4.) In a family, the income earner is pretty much in charge. I mean, what are your options? Let's say you're in a single income household, where Mom earns all the money. Dad can't force her to buy shit. If she wants to give him a $20 a week allowance, that's what he gets. I mean, Child and Youth Services can pretty much ensure that you keep a roof over your kids heads and food in their bellies, but other than that no one can really tell the income earner what to do with his or her money. If Mom wants to blow all of her money on a Carribean vacation instead of a new toolshed, barring cajoling and fighting, that's what she's fucking doing. In the federal government there are laws, statutes, voter pressure, all kinds of things telling you exactly what and who you HAVE TO spend your money on.

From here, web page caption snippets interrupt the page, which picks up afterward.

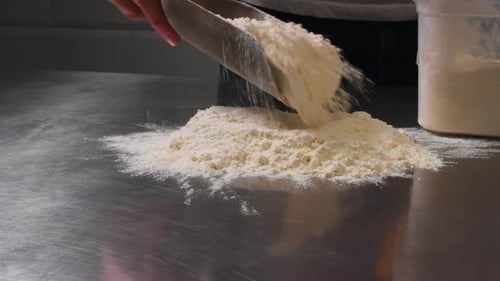 Sprinkling White Flour on Stainless Steel Table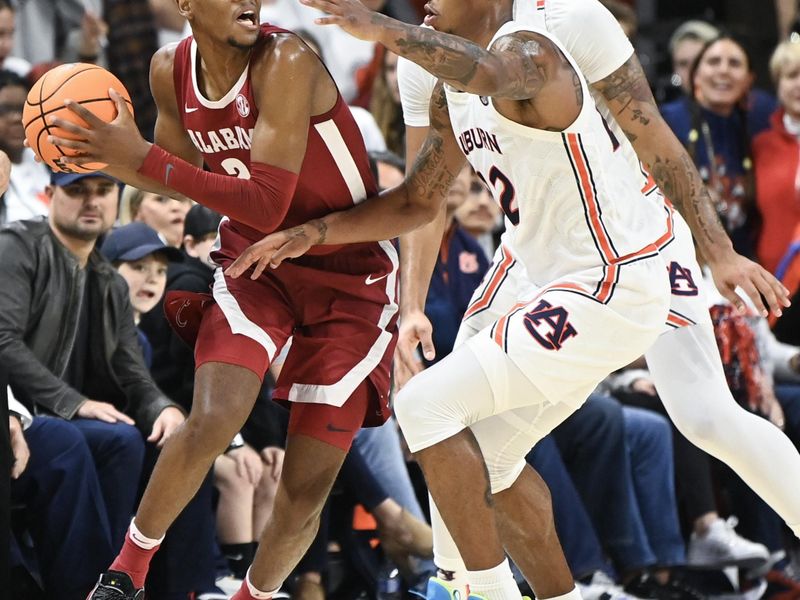 Feb 11, 2023; Auburn, Alabama, USA;  Alabama Crimson Tide forward Brandon Miller (24) passes the ball around Auburn Tigers guard Allen Flanigan (22) at Neville Arena. Mandatory Credit: Julie Bennett-USA TODAY Sports

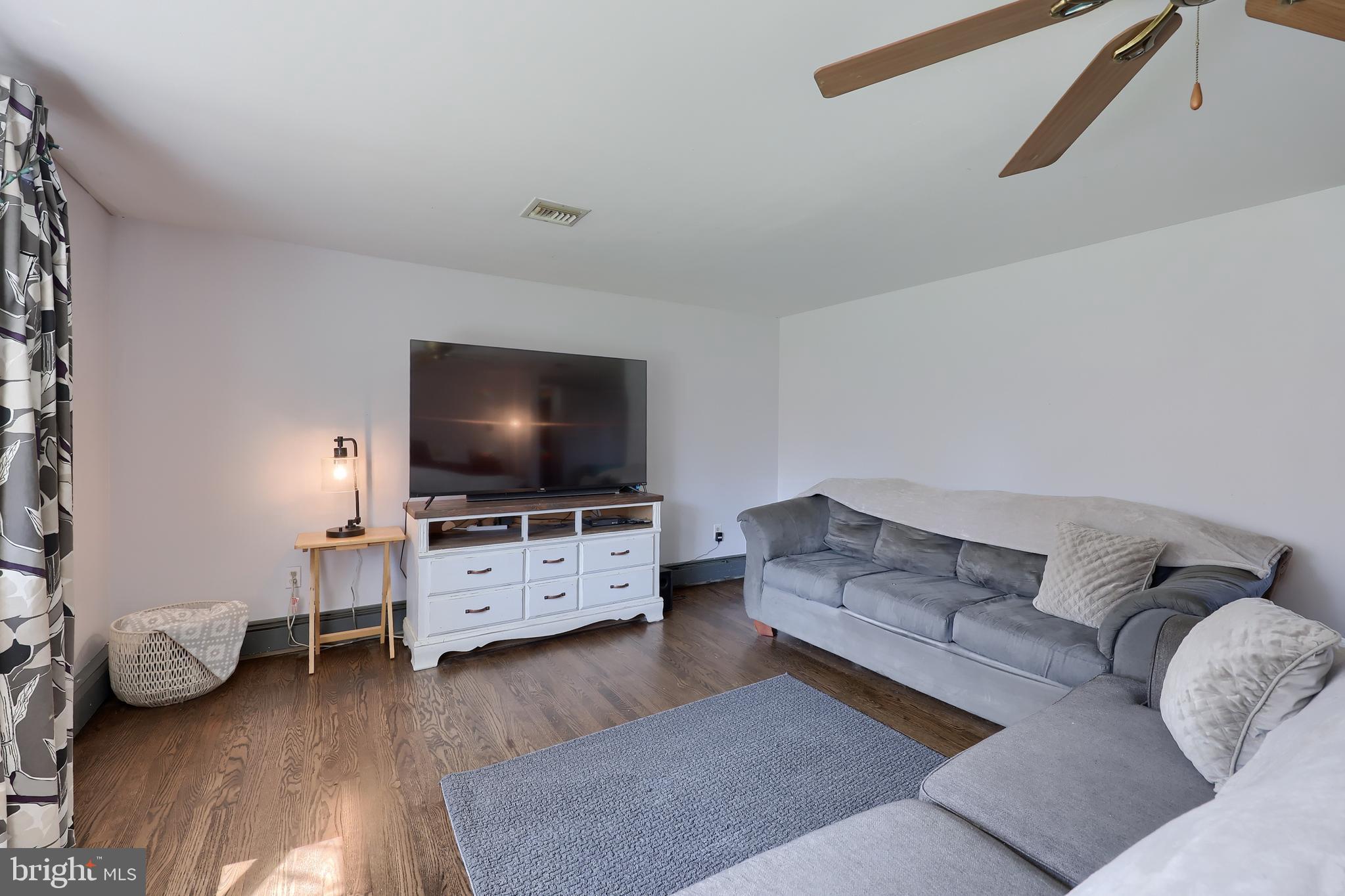 2033 Robindale Avenue Lancaster, PA 17601 - Photo 7 of 47 a living room with furniture and a flat screen tv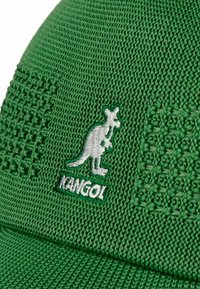 Green Kangol cap made of textured fabric with a kangaroo logo and name embroidered in white. Features patterned sections on sides.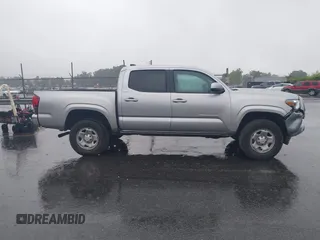 2023 Toyota Tacoma SR with VIN 3TYAX5GN0PT071080, listed as a IAAI auction lot 42426897 with 58,017 mi miles and . Bid and sale history available at DreamBid. Image 13.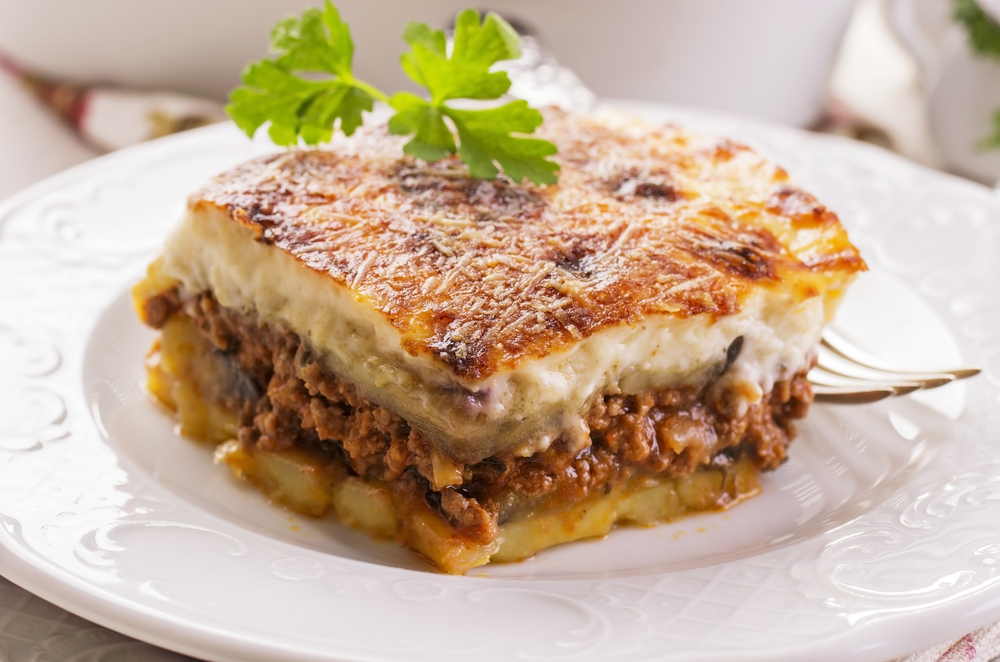 A piece of Moussaka on a white plate at one of the Greek restaurants in Kalamazoo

5.) If a family makes a poor decision, it can only have so much impact. I'm not saying there aren't financial decisions that a parent can make that won't have disastrous consequences on the family. You could make a bad investment and lose your house. You could gamble everything away in Vegas. You could spend all your money on booze instead of diapers. You could end up in jail, divorced, or have your kids taken away. But assuming that happens, again, we're talking about somewhere between 2-10 people who are affected. 5 people walking around with their life in shambles is a shame, but it's not the end of the world. As we've seen lately, the federal government makes a decision and it affects 300 million people, and world markets, and in fact it COULD be the end of the world.